Once you have collected the seeds, remove the floss from seeds before either planting them directly in the ground or cold-stratifying them yourself. This can be done by placing seeds attached to floss (or fluff) into a paper bag and placing several coins in the bag. Shake the bag several times then look inside. If the seeds are still attached to the floss, shake again until almost all of the seeds are separated. Hand separating seeds from floss is time-consuming and frustrating, so this saves time and makes life much easier! 

WHEN: In most areas, seed collection typically happens in the fall. Note that to improve seed viability only collect seeds from pods that have split open and have deep brown seeds. If you collect them too early, you may wind up with a lot of wasted seeds and no milkweed plants. Planting seeds around Thanksgiving, ideally before the first frost, is a good rule of thumb.

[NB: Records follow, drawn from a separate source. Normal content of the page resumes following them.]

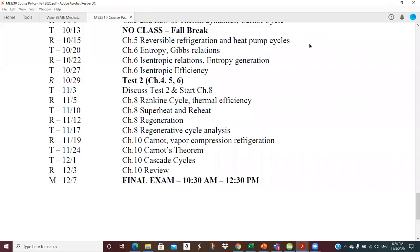Good evening Thermo One class. Since the audio was bad on the first attempt to record this initial lecture on chapter 8, I thought I would try to redo it this evening and send you the link here shortly. So this is our schedule. We are on November 3rd, so we're going to do about 40 minutes. There was a 40-minute lecture posted on the solution to the problems in test two, which hopefully you've looked at. And then this one will make up the rest of today's class time.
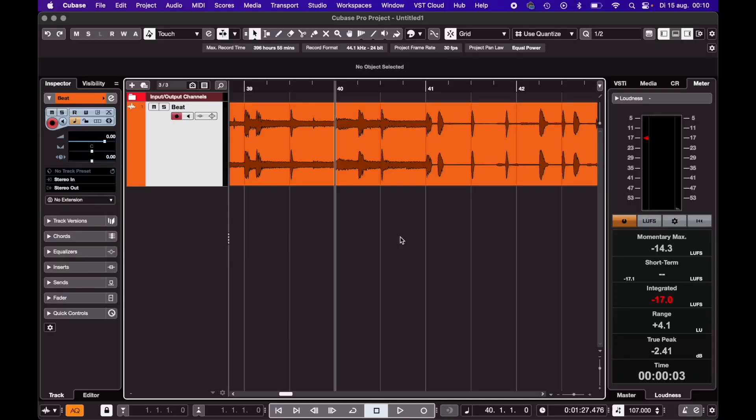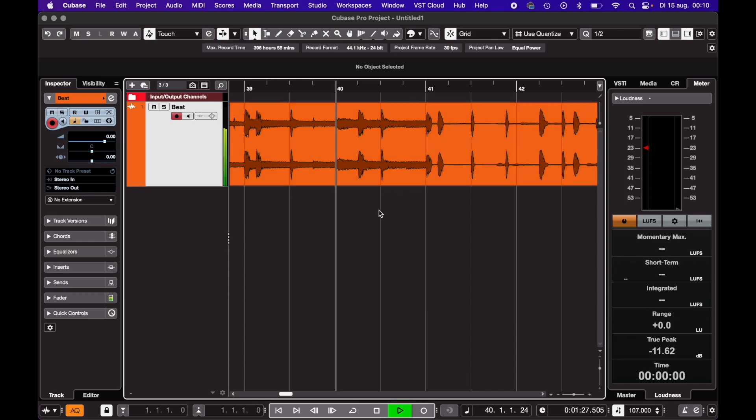So you want to create a tapestop effect in Cubase? Well, let's do it! Let's say I want the tapestop effect on this part of my beat.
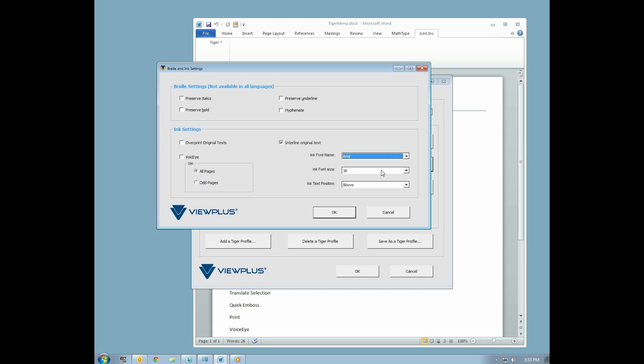Ink Font Size, which lets you choose the size of the letters that will be printed. And Ink Font Position, which lets you position the printed words above, below, or in the middle of the Braille dots.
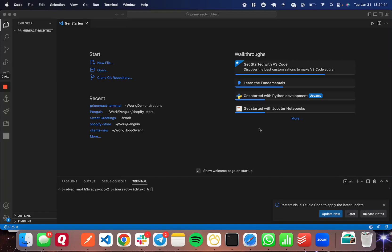Hey guys, today I wanted to make a really quick video showing you how to implement a rich text editor in React. We're going to use the Prime React library. It has a built-in rich text component called Editor. That's the name of their component, and it's super easy to use and it looks great as well.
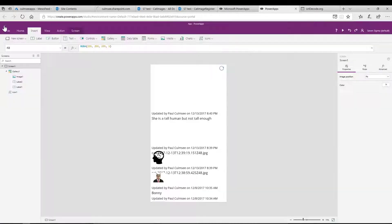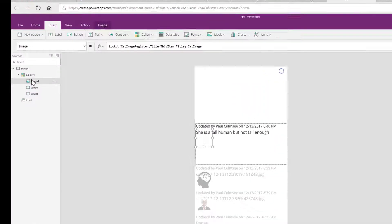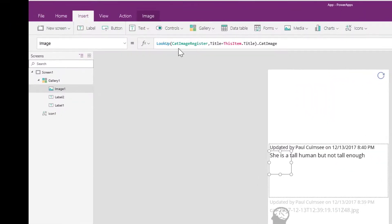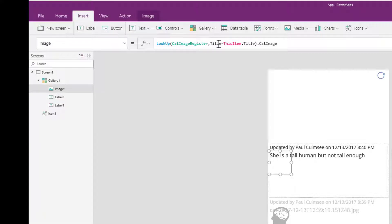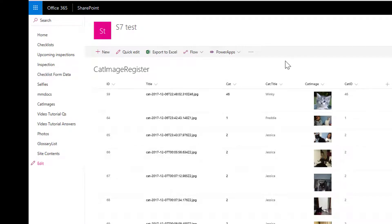So if you go back to my function here on that image control, what I'm saying is go to the cat image register, go to the title field, and if it matches this item.title, retrieve me the cat image. What is cat image? Cat image is the URL of the actual photo. The system works.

Preparing & Planting Seeds

Now that you have mature seeds with the floss removed, the next step is to determine how you are going to get the seeds ready for planting. There are two methods of seed prep, and it is up to you how you choose to do this. These methods will differ if you live in a warmer climate. 

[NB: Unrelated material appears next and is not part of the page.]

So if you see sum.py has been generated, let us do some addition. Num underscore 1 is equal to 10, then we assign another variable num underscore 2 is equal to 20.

1) Cold Stratification Outdoors: Stratification is a natural process that promotes seed germination by breaking the seed dormancy. If you live in areas where there are freezing temperatures, you can rely on mother nature to do the stratification for you. Simply remove all mulch, rocks, weeds and importantly, invasive species from the area you are planting. You can put a hole in the soil (approximately up you your first knuckle) and place an individual seed in the hole and cover it up, or you can scatter the seeds on the surface of the soil and cover with moist soil. Either way, you should make sure the seeds are planted at least 3-4 inches apart to avoid overcrowding. In the spring, your seedlings should appear in your garden with no work on your part other than the planting of the seeds the previous fall.

2) Cold Stratification Indoors: If you choose to collect seeds and undertake cold stratification yourself, you will need seeds, soil and space in your refrigerator for several months to do this. 

There are two methods for growing milkweed in the spring if you start them indoors:

1) Planting stratified seeds once the threat of the last thaw has passed

2) Starting the stratified seeds indoors and planting the seedling after the threat of the last thaw has passed.

If you choose to start seeds indoors, once the floss is removed, place seeds between two damp (not wet) paper towels and place them in a Ziplock baggie or a reusable Tupperware container. Make sure to label the species of seed you are starting indoors, and keep a close eye on them. Most species require 30 days in the refrigerator to being germinating. Once they begin to sprout, remove them from the refrigerator and plant them in small pots, one or two seeds per pot, in peat potting mix.

NOTE: MILKWEED DOES NOT REQUIRE PESTICIDES OF ANY KIND! As a matter of fact, pesticides used throughout the country in farming and private gardens is part of the reason we are losing our milkweed species at alarming rates. Please be part of the solution, not part of the problem and resist using any type of pesticide in your yard or garden.